23 What then is to be understood by the reference to the fact that the Applicants did not intend to avoid paying stamp duty? The Accountants tendered $40 in accordance with section 33(3) of the Duties Act presumably on the basis that this was the correct duty inclusive of penalty.

24 It was conceded (correctly in my view) at the hearing that there had been a mistake or omission and that it was a relevant factor. Having regard to clause 16 of the first affidavit it would seem that the mistake or omission was by the Accountants; it is conceivable (although this is speculative) that they did not appreciate or perhaps were not aware of the implications of Chapter 3 of the Duties Act. To say that they (presumably the Applicants) did not “intend to avoid duty” is perhaps not accurate. It would be more accurate to say that they did not contemplate conveyance duty at ad valorem rates. It would not be appropriate for me to speculate on all of the implications. But one thing is clear; the Accountants acted for and on behalf of the Applicants and as their agent. I have grave doubts as to whether it is correct to characterise the relevant conduct in the manner in which they contend. The Applicants clearly did not intend to evade the duty which they thought payable; i.e. $40. But equally clearly they did not intend to pay duty at ad valorem conveyance rates; so much is clear from the fact that ex facie the objection they contended (at an earlier stage) that such duty was not attracted. I note that it does seem strange that the Applicants should seek to dispute that duty under Chapter 3 was payable, and then to seek the exercise of the section 119 (3) discretion when the situation giving rise to the attraction of duty would appear to have arisen from an error on the part of their own agent. Put in other words to ask for the grant of relief in order to cure that error does appear, on a prima facie basis to be odd.

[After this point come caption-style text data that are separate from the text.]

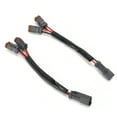 thumbnail image 4 of Arnés de cableado para enchufe de luz de trabajo LED de 2 piezas 2-Cable universal de 2 pines macho a hembra para coche, 4 of 14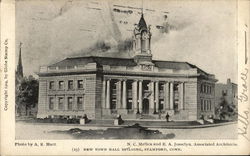 New Town Hall Building Postcard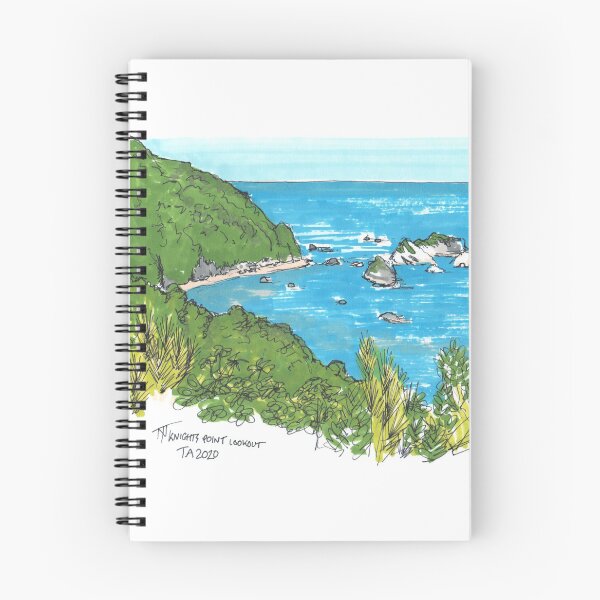 Item preview, Tour Aotearoa 2020 - Knights Point Lookout designed and sold by Tom Napper Design.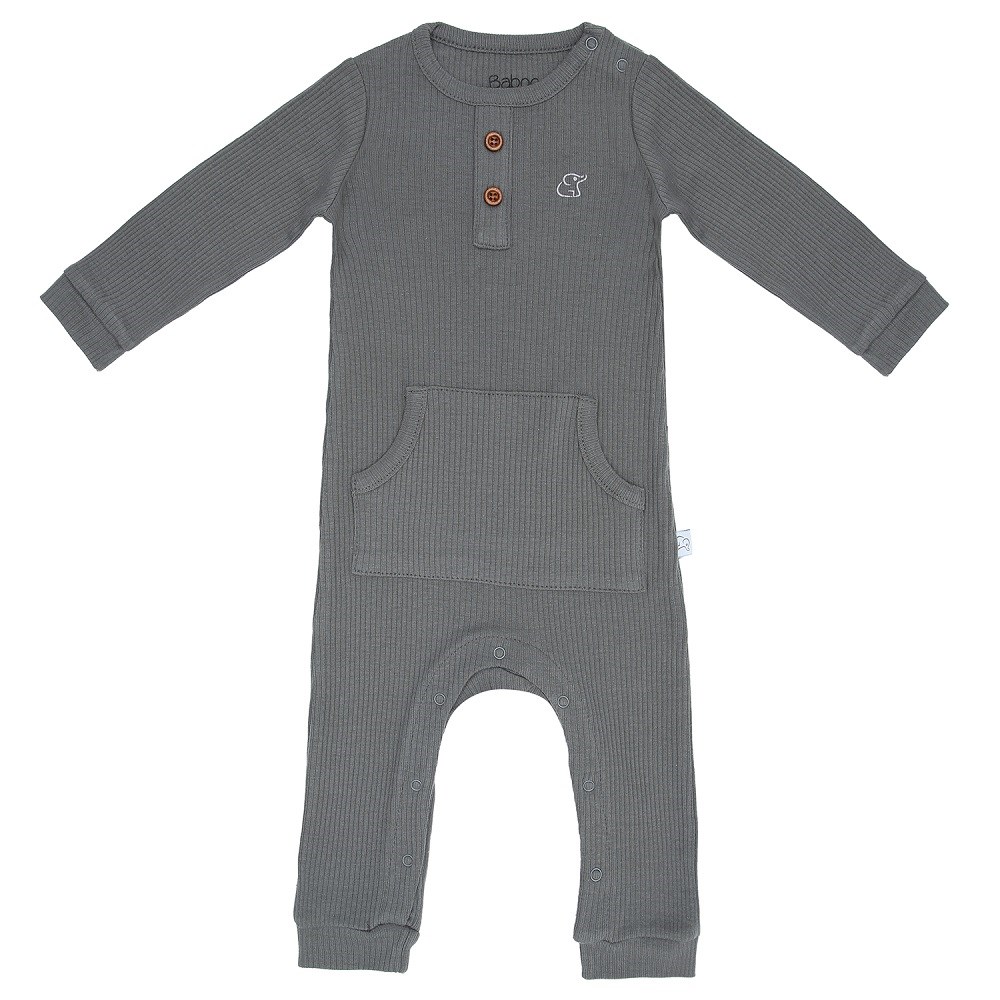 Baboo Bebek Uzun Kollu Tulum Gri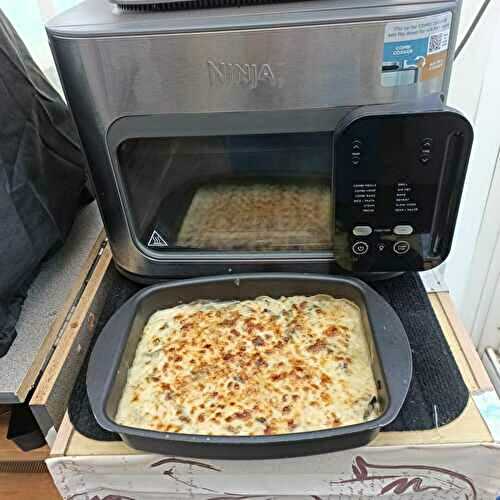 Côtes et feuilles de bettes au combi ninja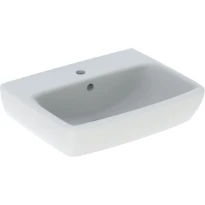 Geberit Selnova Square lave-mains 450 x 350 x 160 mm - blanc - avec trou de robinet - avec trop-plein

25 Mr. Richmond referred me to authorities concerning the nature of the discretion which I must exercise. It is of course clear enough that it is a discretion which must be exercised by me standing in the shoes of the Respondent Commissioner and that I must formulate the “correct and preferable” decision. It is also clear enough that the onus is on the Applicants to establish that I should exercise the discretion in their favour.

26 In FC of T v Swift 89 ATC 5101 French J said at 5112:

      In the absence of any statutory direction, the Tribunal is not bound to apply the administrative policies by which the exercise of the discretion under review is regulated at the primary decision-making level. In particular, it was not bound in this case to apply taxation ruling IT2063 to which reference has already been made. It is generally entitled to take administrative policy into account as a relevant factor in the achievement, inter alia, of a desirable consistency in decision-making - Drake v Minister for Immigration and Ethnic Affairs (supra) at 591. For as Brennan J. said in Re Drake and Minister for Immigration and Ethnic Affairs (No. 2) (1979) 2 LD 634 at 639:
          "Inconsistency is not merely inelegant: it brings the process of deciding into disrepute, suggesting an arbitrariness which is incompatible with commonly accepted notions of justice."

          That observation is subject to the caveat that decision-makers can be consistently wrong or consistently unjust and that consistency is safely sought by reference to policy only when the policy is appropriate and acceptable - Nevistic v Minister for Immigration and Ethnic Affairs (supra) at 646 (Deane J.). This does not involve the Tribunal in reviewing policy or deciding what policy a primary decision-maker should adopt - Re Aston (1985) 4 AAR 65, 76 (Davies J.). And, as in that case, which involved the exercise of a discretion to limit the terms of fishing licences under a national quota scheme, a policy which is developed in the political arena after consultation with the relevant industry ought generally to be given great weight. Taxation ruling IT2063 does not appear to be in that category. Nevertheless, the magnitude of the task involved in carrying out original decision-making and supervising and regulating the exercise of delegated authority under the taxation laws, is a powerful indicator that appropriate guidelines are essential for the avoidance of administrative chaos and for the achievement of reasonable consistency. The need to maintain the perception and reality of equal treatment is an important factor in the administration of all laws and not least in those relating to taxation. But such considerations go to the weight to be attributed to policy and that is ultimately a matter for the Tribunal - Nevistic v Minister for Immigration and Ethnic Affairs (supra) at 647 (Deane J.); Re Aston (supra) at 78 (Davies J.). It is said to be essential that the Tribunal be fully informed of reasons for any policy involved in a decision under review. Otherwise, instead of subjecting it to rational analysis and assisting in the development of principled yet flexible decision-making, the Tribunal may "intervene incongruously to disrupt the due course administration" - Commonwealth of Australia v El Hassan (1985) 62 ALR 305, 316 (Burchett J.). That I take to be an exhortation to the parties seeking to invoke the relevant policy rather than an indication that the Tribunal should initiate its own inquiry into policies affecting the decision under review”.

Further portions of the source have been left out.